Source information:
★ ★ ★
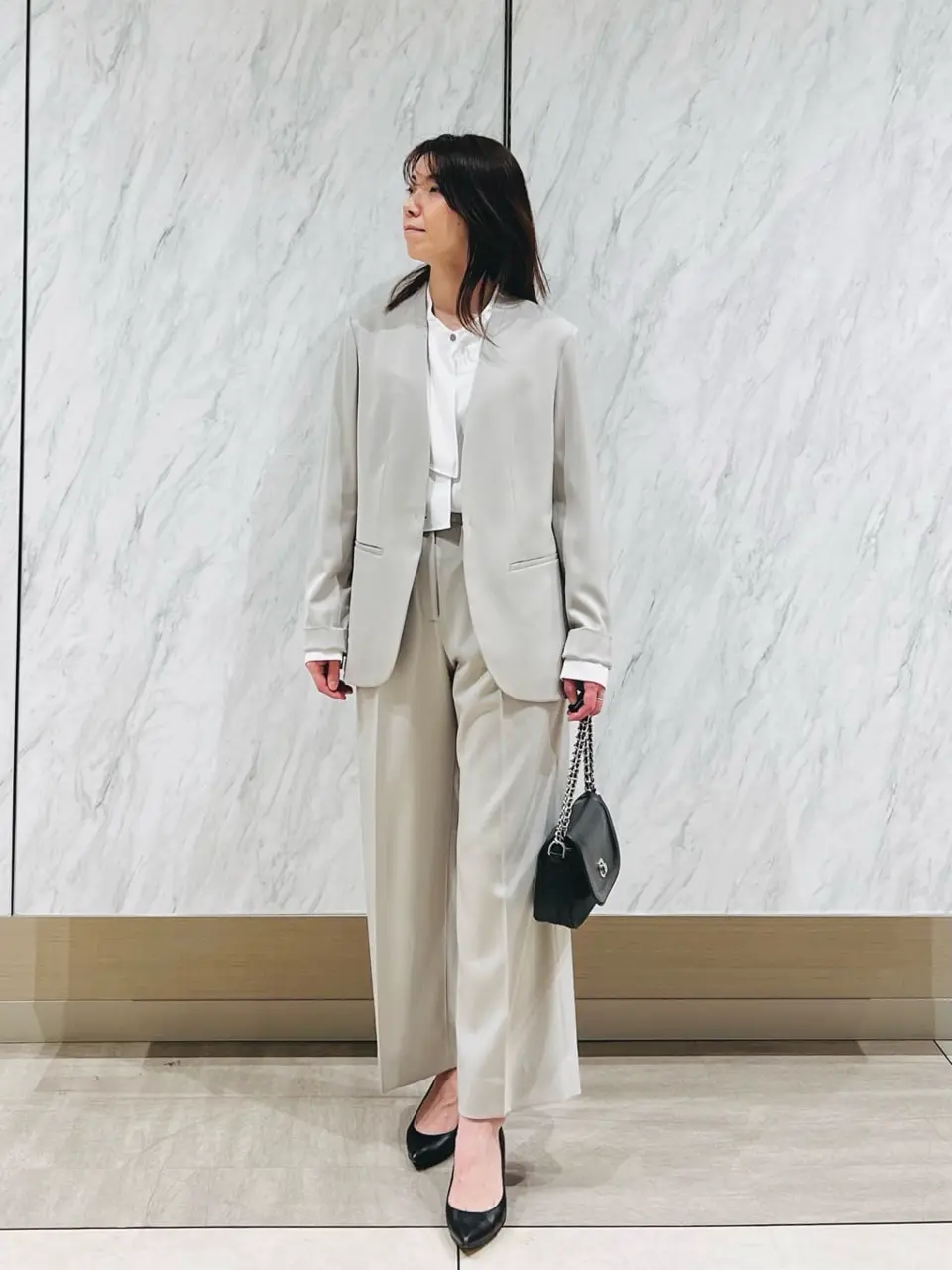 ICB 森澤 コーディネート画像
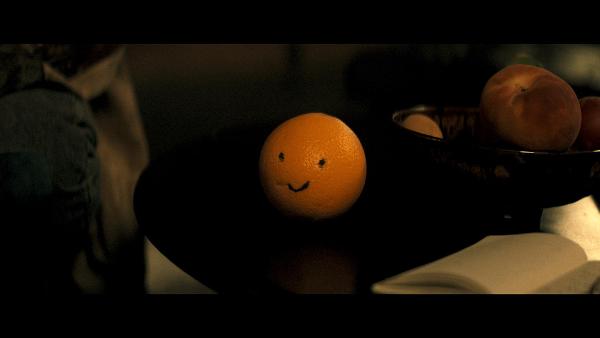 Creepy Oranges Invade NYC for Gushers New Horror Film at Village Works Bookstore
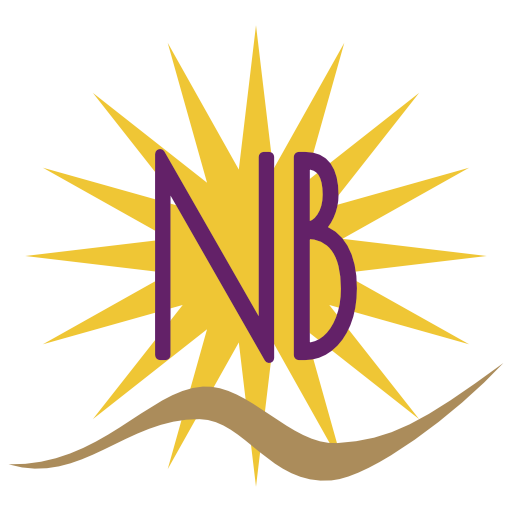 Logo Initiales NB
★ ★ ★
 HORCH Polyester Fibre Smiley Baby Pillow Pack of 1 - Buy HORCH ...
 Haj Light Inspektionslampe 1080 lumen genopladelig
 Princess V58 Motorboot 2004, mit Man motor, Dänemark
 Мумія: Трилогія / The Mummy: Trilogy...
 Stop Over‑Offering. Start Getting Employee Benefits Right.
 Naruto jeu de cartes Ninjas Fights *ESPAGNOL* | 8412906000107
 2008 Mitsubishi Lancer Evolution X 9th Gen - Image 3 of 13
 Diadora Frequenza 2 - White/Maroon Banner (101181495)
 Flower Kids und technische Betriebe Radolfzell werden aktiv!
★ ★ ★
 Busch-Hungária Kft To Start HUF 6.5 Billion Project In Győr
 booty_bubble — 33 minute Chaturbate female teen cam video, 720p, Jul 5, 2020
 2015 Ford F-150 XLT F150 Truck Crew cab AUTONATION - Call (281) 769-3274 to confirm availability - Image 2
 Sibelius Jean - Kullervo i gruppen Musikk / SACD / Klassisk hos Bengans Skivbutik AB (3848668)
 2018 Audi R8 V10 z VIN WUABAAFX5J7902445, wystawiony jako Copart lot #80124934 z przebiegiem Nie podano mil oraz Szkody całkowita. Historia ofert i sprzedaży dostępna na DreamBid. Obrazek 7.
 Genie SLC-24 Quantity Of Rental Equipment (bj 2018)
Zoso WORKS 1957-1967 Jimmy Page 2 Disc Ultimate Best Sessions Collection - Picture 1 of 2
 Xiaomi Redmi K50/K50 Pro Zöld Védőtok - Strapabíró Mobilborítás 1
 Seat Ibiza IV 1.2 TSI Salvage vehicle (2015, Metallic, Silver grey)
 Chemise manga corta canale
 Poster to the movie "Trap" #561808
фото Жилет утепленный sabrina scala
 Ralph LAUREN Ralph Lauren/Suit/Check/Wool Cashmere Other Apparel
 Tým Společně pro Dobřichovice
★ ★ ★
Problem requirements: Pictures excluded, give again exactly and only the lines of the material above from the line with "ICB 森澤 コーディネート画像" through the line with "Logo Initiales NB".

Your response:
 ICB 森澤 コーディネート画像
 Creepy Oranges Invade NYC for Gushers New Horror Film at Village Works Bookstore
 Logo Initiales NB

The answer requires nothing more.